%%

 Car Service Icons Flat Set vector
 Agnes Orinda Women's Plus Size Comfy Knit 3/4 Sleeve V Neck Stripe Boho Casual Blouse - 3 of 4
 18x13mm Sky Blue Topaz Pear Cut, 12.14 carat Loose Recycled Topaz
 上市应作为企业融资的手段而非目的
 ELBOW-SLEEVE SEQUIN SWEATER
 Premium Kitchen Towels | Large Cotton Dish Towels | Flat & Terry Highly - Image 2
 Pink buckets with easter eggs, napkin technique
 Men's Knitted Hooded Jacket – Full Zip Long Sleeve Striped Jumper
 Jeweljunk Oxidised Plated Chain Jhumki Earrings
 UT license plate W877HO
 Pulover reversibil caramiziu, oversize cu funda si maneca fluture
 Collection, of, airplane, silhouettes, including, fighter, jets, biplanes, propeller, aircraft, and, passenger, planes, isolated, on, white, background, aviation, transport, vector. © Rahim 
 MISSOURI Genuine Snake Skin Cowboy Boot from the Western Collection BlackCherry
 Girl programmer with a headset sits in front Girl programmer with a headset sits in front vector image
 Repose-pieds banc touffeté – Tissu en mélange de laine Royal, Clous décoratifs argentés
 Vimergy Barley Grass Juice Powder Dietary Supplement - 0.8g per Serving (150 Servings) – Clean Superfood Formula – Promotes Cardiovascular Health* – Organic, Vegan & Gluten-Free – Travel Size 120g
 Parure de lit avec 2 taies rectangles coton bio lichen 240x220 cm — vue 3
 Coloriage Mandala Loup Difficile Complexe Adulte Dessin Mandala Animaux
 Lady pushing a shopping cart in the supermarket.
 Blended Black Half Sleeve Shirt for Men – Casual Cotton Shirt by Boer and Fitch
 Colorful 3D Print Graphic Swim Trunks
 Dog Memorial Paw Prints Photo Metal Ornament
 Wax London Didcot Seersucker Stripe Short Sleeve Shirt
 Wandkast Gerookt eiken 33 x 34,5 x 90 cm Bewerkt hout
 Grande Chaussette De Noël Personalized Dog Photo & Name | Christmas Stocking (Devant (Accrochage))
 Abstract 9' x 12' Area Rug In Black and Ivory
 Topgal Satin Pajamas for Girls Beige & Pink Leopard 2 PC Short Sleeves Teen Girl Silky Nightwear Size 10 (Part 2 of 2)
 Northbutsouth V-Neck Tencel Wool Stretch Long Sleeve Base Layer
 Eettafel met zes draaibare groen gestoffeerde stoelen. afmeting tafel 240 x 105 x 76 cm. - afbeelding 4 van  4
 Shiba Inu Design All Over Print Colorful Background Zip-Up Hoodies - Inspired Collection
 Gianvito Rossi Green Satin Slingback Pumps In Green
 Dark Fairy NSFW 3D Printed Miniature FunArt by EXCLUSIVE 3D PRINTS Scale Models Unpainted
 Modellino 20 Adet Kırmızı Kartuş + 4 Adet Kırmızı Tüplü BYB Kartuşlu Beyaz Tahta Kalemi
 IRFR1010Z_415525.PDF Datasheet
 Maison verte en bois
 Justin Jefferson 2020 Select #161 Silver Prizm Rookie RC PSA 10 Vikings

%%

**WORK INSTRUCTIONS:** What's wanted is a faithful copy of each entry above.

**EXERCISE ANSWER:**
 Car Service Icons Flat Set vector
 Agnes Orinda Women's Plus Size Comfy Knit 3/4 Sleeve V Neck Stripe Boho Casual Blouse - 3 of 4
 18x13mm Sky Blue Topaz Pear Cut, 12.14 carat Loose Recycled Topaz
 上市应作为企业融资的手段而非目的
 ELBOW-SLEEVE SEQUIN SWEATER
 Premium Kitchen Towels | Large Cotton Dish Towels | Flat & Terry Highly - Image 2
 Pink buckets with easter eggs, napkin technique
 Men's Knitted Hooded Jacket – Full Zip Long Sleeve Striped Jumper
 Jeweljunk Oxidised Plated Chain Jhumki Earrings
 UT license plate W877HO
 Pulover reversibil caramiziu, oversize cu funda si maneca fluture
 Collection, of, airplane, silhouettes, including, fighter, jets, biplanes, propeller, aircraft, and, passenger, planes, isolated, on, white, background, aviation, transport, vector. © Rahim 
 MISSOURI Genuine Snake Skin Cowboy Boot from the Western Collection BlackCherry
 Girl programmer with a headset sits in front Girl programmer with a headset sits in front vector image
 Repose-pieds banc touffeté – Tissu en mélange de laine Royal, Clous décoratifs argentés
 Vimergy Barley Grass Juice Powder Dietary Supplement - 0.8g per Serving (150 Servings) – Clean Superfood Formula – Promotes Cardiovascular Health* – Organic, Vegan & Gluten-Free – Travel Size 120g
 Parure de lit avec 2 taies rectangles coton bio lichen 240x220 cm — vue 3
 Coloriage Mandala Loup Difficile Complexe Adulte Dessin Mandala Animaux
 Lady pushing a shopping cart in the supermarket.
 Blended Black Half Sleeve Shirt for Men – Casual Cotton Shirt by Boer and Fitch
 Colorful 3D Print Graphic Swim Trunks
 Dog Memorial Paw Prints Photo Metal Ornament
 Wax London Didcot Seersucker Stripe Short Sleeve Shirt
 Wandkast Gerookt eiken 33 x 34,5 x 90 cm Bewerkt hout
 Grande Chaussette De Noël Personalized Dog Photo & Name | Christmas Stocking (Devant (Accrochage))
 Abstract 9' x 12' Area Rug In Black and Ivory
 Topgal Satin Pajamas for Girls Beige & Pink Leopard 2 PC Short Sleeves Teen Girl Silky Nightwear Size 10 (Part 2 of 2)
 Northbutsouth V-Neck Tencel Wool Stretch Long Sleeve Base Layer
 Eettafel met zes draaibare groen gestoffeerde stoelen. afmeting tafel 240 x 105 x 76 cm. - afbeelding 4 van  4
 Shiba Inu Design All Over Print Colorful Background Zip-Up Hoodies - Inspired Collection
 Gianvito Rossi Green Satin Slingback Pumps In Green
 Dark Fairy NSFW 3D Printed Miniature FunArt by EXCLUSIVE 3D PRINTS Scale Models Unpainted
 Modellino 20 Adet Kırmızı Kartuş + 4 Adet Kırmızı Tüplü BYB Kartuşlu Beyaz Tahta Kalemi
 IRFR1010Z_415525.PDF Datasheet
 Maison verte en bois
 Justin Jefferson 2020 Select #161 Silver Prizm Rookie RC PSA 10 Vikings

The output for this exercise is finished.